JAIC 1978, Volume 18, Number 1, Article 4 (pp. 19 to 32)

PIGMENT ANALYSIS OF EARLY AMERICAN WATERCOLORS AND FRAKTUR

Janice H. Carlson, & John Krill

ABSTRACT—The X-ray fluorescence analysis of the pigments on eleven early American watercolors and sixteen fraktur, in three English and American paint boxes, and two fraktur painters' boxes, has established that both fraktur artists and their contemporary watercolorists used commercially available pigments. The availability of these pigments to both groups is noted not only by their actual use but also by historical evidence.


1 INTRODUCTION

THE PAPER CONSERVATION and Analytical Laboratories of the Winterthur Museum have participated in a joint project involving analysis of the pigments used in fraktur and early American watercolors.

The term fraktur properly describes a typeface popular in Germany from the sixteenth century and characterized by “fractured” letter forms. It now refers to the illuminated manuscripts of the Pennsylvania Germans, and other German settlers, made during the eighteenth and mid-nineteenth centuries as shown in Figure 1. In contrast is the second group, the watercolors, which are paintings by the rural early American people; see Figure 2.

Fig. 1. Fraktur “Taufschein of Johannes Kreniger” (61.1109), Courtesy of The Henry Francis du Pont Winterthur Museum

Fig. 2. Watercolor “View at Appoquinimink” (75.26), Courtesy of The Henry Francis du Pont Winterthur Museum

The objective of this study was to use X-ray fluorescence analysis to identify the chemical elements found in the pigments used by both fraktur artists and early watercolorists. It was hoped that through interpretation of this elemental data, pigments used by both groups could be identified; and that this information would either confirm or lay to rest the idea of the fraktur artist using products of the early American farm environs for his pigments. In addition, the analytical data might help in the authentication of a given painting, since the presence of certain pigments might permit more accurate dating.


2 HISTORICAL BACKGROUND

THE FIRST GROUP of Germans to arrive in Pennsylvania came in 1683, just two years after Charles II granted a charter for the land to William Penn. Some of them heard Penn speak on a missionary trip which he made to Germany in 1677; Penn, a zealous Quaker, saw Pennsylvania as a “Holy Experiment.” The Germans settled in what was aptly called Germantown, which remained the boundaries of their immigration until about 1710.

By 1717, the incoming Germans had begun to generate concern in the predominently Quaker and English city of Philadelphia. In 1727, an estimated 15,000 to 20,000 Germans were living in the colony.1 The height of the immigration was reached around 1750 with as many as twenty-two ships of Germans arriving a year.2 Between 5 and 10% of these Germans were “plain people” such as the Amish and Mennonites; the majority of the rest were “church people” such as the Lutheran and Reformed. Interestingly, this latter group produced most of the fraktur. At mid-century, the Germans formed about a third of Pennsylvania's population and had settled, for the most part, in the lands just west and northwest of Philadelphia.3

The contributions of the eighteenth century German settlers were rich and varied. They provided much of the trade in the prominent and rich city of Philadelphia. They introduced many modern agricultural methods. Their printers produced more books than those of New England and New York combined. Benjamin Franklin began a German newspaper for them in 1732, and also in Philadelphia, cabinetmakers printed their message in English and German on the same furniture label.

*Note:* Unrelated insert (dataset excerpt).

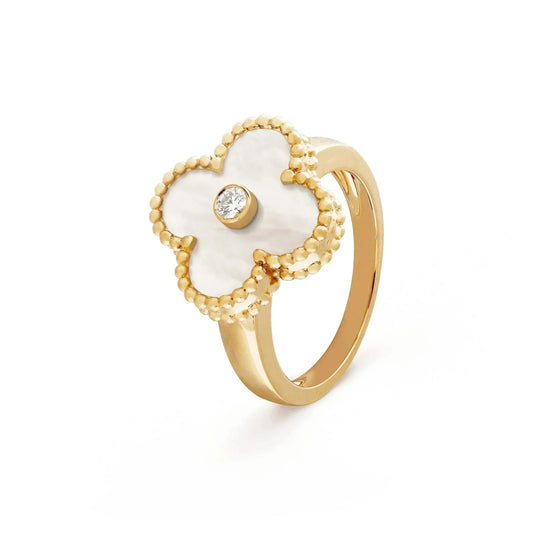 [Rose Jewelrys]CLOVER PINK MOP RING GOLD DIAMOND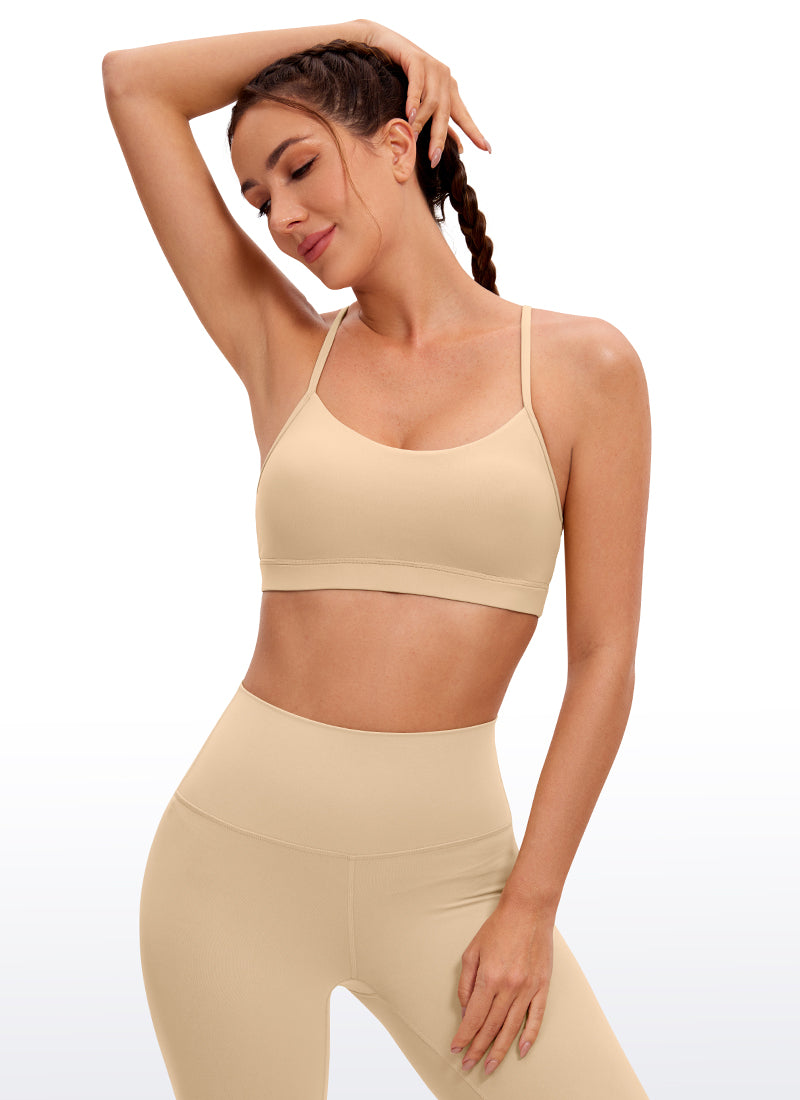 CRZ YOGA महिलाओं के लिए योगा लाइट सपोर्ट Butterluxe स्पोर्ट्स ब्रा वाई बैक टैन मिल्कशेक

Education was important to the Germans. Communities are known to have built a schoolhouse before building a church. The penmanship sheets of writing specimens by the schoolmaster were teaching aids of the time. Awards of merit, too, were made by him. These manuscripts are fraktur. Other forms of fraktur include birth and baptismal certificates, house blessings and family records.

The first person to write about fraktur and bring it toward the fore was Henry Mercer, who, in 1897, said the following about a paint box used for fraktur:

“With great interest, we learned that the time-stained box found in one of the garrets of Bedminster had long ago in its longest compartment contained goose-quill pens, and brushes made of the hair of the domestic cat; that the caked colors in the small bottles had been the home-mixed inks and paints of the master once liquified in whiskey, and that the varnish was composed of the gum of the cherry tree diluted in water.”4

The implications from this, that fraktur were produced from farmyard products, have continued to the present day. Gilbert, in 1971, said, “Fortunately there were teachers trained in the art of fraktur who could instruct their pupils to write the alphabet and to illustrate the letters with homemade paints. Vegetable, plant, and berry dyes were probably used… .”5 Unfortunately glossed over by some was Mercer's comment in a catalog description in another presentation that, “the old paints were bought from apothecaries in Philadelphia and kept in bottles.”6

Among the scholars whose theories were that fraktur makers used known artist pigments is Frances Lichten. In a 1963 lecture on fraktur she said that she, as an artist, could easily recognize by eye the presence of such widely used pigments as vermilion, Prussian blue, gamboge and orpiment.7 Earlier, in 1937, Henry Borneman had stated:

…the colors appearing in these manuscripts are produced by inks and pigments. Column writers have suggested that their methods of producing colors were primitive and their results crude. An examination of hundreds of manuscripts had led me to the conclusion that these colorists were not mere experimenters in the making of inks and pigments. They used recipes which were handed down not only by tradition, but in many cases in manuscripts and in print.8

Borneman shares with us Johann Krauss's Haus und Kunst-Buch published in 1819 in Allentown, Pennsylvania. Krauss wrote of the use of carmine, annotto, Prussian blue, verdigris, and other colors. Also presented by Borneman is Ambrosius Henkel's Das Grosze ABC Buch, published in New Market, Virginia, which recommends Brazil wood, verdigris, and indigo.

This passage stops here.